Ce sont des photos d’enfants. De simples enfants. Mais les brumes des montagnes qui les entourent, les ombres des intérieurs qui les abritent et le chatoiement de leurs coiffes nous les font accroire d’un autre monde. Ils habitent des villages d’une andine hauteur qui pourraient être savoyards s’il n’y avait leur nom : Kirghizes, Nénètses, Pérou, Mongol ou Zanskars. On pourrait les croire d’un autre temps tant leur pose et leur langueur semblent du début de notre siècle, alors qu’au plus loin de la distance, dix heures à peine nous séparent de leurs regards.

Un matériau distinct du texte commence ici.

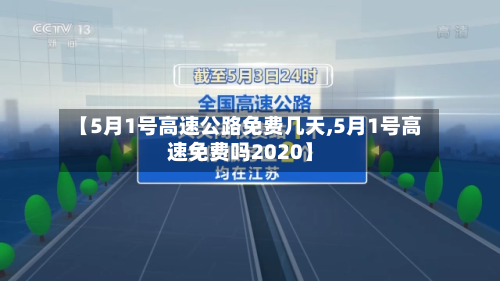 【5月1号高速公路免费几天,5月1号高速免费吗2020】-第2张图片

Dans les vallées isolées du Pakistan, les petites Kalash portent encore la kupas, leur coiffe brodée de cauris et de plumes, comme leurs ancêtres le faisaient il y a mille ans. Tout comme les Drokpas du Ladakh qui portent des fleurs dans leurs cheveux, ils seraient les derniers descendants d’Alexandre — Grecs perdus au bout du monde, dont les enfants aux yeux clairs nous regardent à travers les siècles avec la même gravité tranquille.

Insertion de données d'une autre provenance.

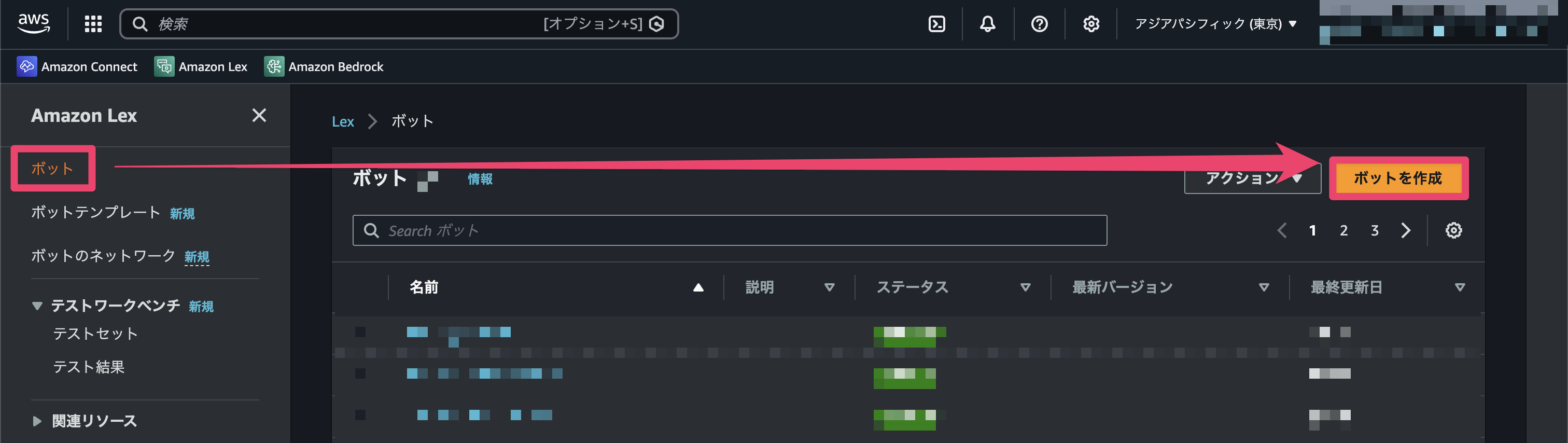 CleanShot 2026-01-13 at 17.37.59@2x.png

Rien ne les distingue des nôtres et des autres, si ce n’est nos fantasmes. Et pourtant, leurs histoires portent le poids du monde, ses traditions millénaires, ses mutations brutales, ses injustices silencieuses. Leurs modes de vie ancestraux vacillent sous la pression du climat, de l’exode, de la modernité qui avance.


Guillaume Nédellec.
Guillaume Nédellec est né en 1977 à Poissy et vit à Marseille. Graphiste de formation et photographe autodidacte, il développe un travail artistique à la frontière du réel et de la fiction, autour de la figure des héros de l’ordinaire et de l’étrangeté du monde. En commande, il collabore régulièrement avec la presse nationale. En 2026, il publie L’écume de nos vies avec l’Atelier Manez. En 2023, il sort Seulle Étoile aux éditions Imogène et Algerama en 2022.
Son travail a été remarqué à plusieurs reprises : finaliste au Prix Camera Clara (« Seulle Étoile », 2021 et « Odyssée », 2023), et au Prix des Nouvelles écritures (« Les Enfants d’Izieu », 2020).

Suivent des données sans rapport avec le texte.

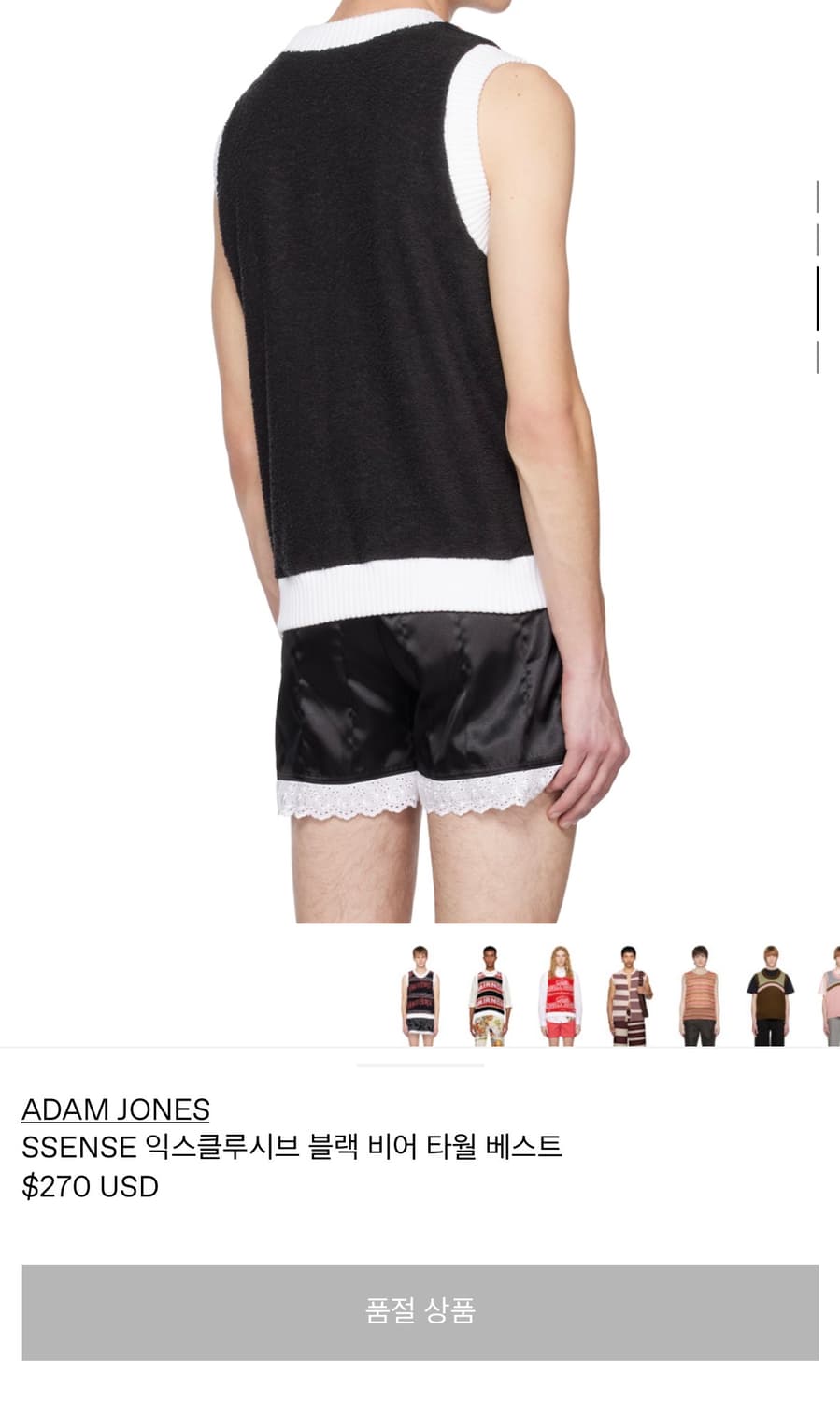 ADAM JONES 블랙 비어 타월 베스트 상품이미지5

En 2026, L’écume de nos vies est exposée aux Champs Libres de Rennes. En 2023, sa première exposition individuelle, « Seulle Étoile », a été présentée aux Hospices civils de Beaune, où 25 tirages ont intégré les collections. Depuis 2019, il a participé à plusieurs expositions collectives dont « Aimer ce que nous sommes » et « Algerama », sous le commissariat de Valérie Fougeirol (Espace Coco, Paris, 2022 et 2023), « La nuit étoilée » (Rencontres d’Arles, 2024 et 2021), « L’étranger » et « Seulle Étoile » (Galerie Vu’, 2022 et 2020). Il a aussi été accueilli en résidence au Festival de Montmélian en 2022.
– « LES ENFANTS D’IZIEU »
Dans le sud de l’Ain, 44 enfants et 7 adultes réfugiés à la colonie d’Izieu ont été arrêtés lors de la rafle du 6 avril 1944, sur ordre de Klaus Barbie. 42 de ces enfants et 5 de ces adultes ont été exterminés au camp d’Auschwitz- Birkenau. Deux adolescents et un adulte ont péri à Reval. Une jeune femme a survécu.
Enfant, mes grands-parents me racontaient des histoires de la guerre 39-45. J’entends encore la voix de ma grand-mère Alice trembler lorsqu’elle me parlait du bruit des bottes battre le pavé. Cette période les a profondément marqués. Par leur parole, nécessaire, ils m’ont transmis un écho de ce moment dramatique.
Lorsque fin 2014, je suis allé vivre dans le nord- Isère, Izieu me faisait face. L’endroit m’appelait. Je m’y rendais semaine après semaine. Pendant deux ans, j’ai arpenté ses chemins, tenté d’en saisir les silences et interroger la mémoire. Début 2017, le temps aidant, j’ai décidé de raconter l’histoire de ces enfants, à ma façon. J’ai finalisé mon travail sous la forme d’un court métrage, sorti fin 2019.
Les personnes photographiées sont engagées, chacune à leur manière, dans la transmission de l’histoire de ces enfants.


Émilie Marchandise.
Émilie Marchandise est photographe documentaire, spécialisée dans les récits de famille et la capture des liens humains. Dès 18 ans, ses voyages avec un réflex argentique l’ont initiée à l’observation sensible : paysages, rencontres et lumière ont façonné son regard. En 2008, la naissance de ses enfants a révélé sa passion pour la photographie spontanée. Saisir leurs rires, leurs jeux, leur insouciance, conserver ces instants fugaces est devenu essentiel. La photographie est alors devenue un moyen de révéler la richesse des émotions et la beauté du quotidien.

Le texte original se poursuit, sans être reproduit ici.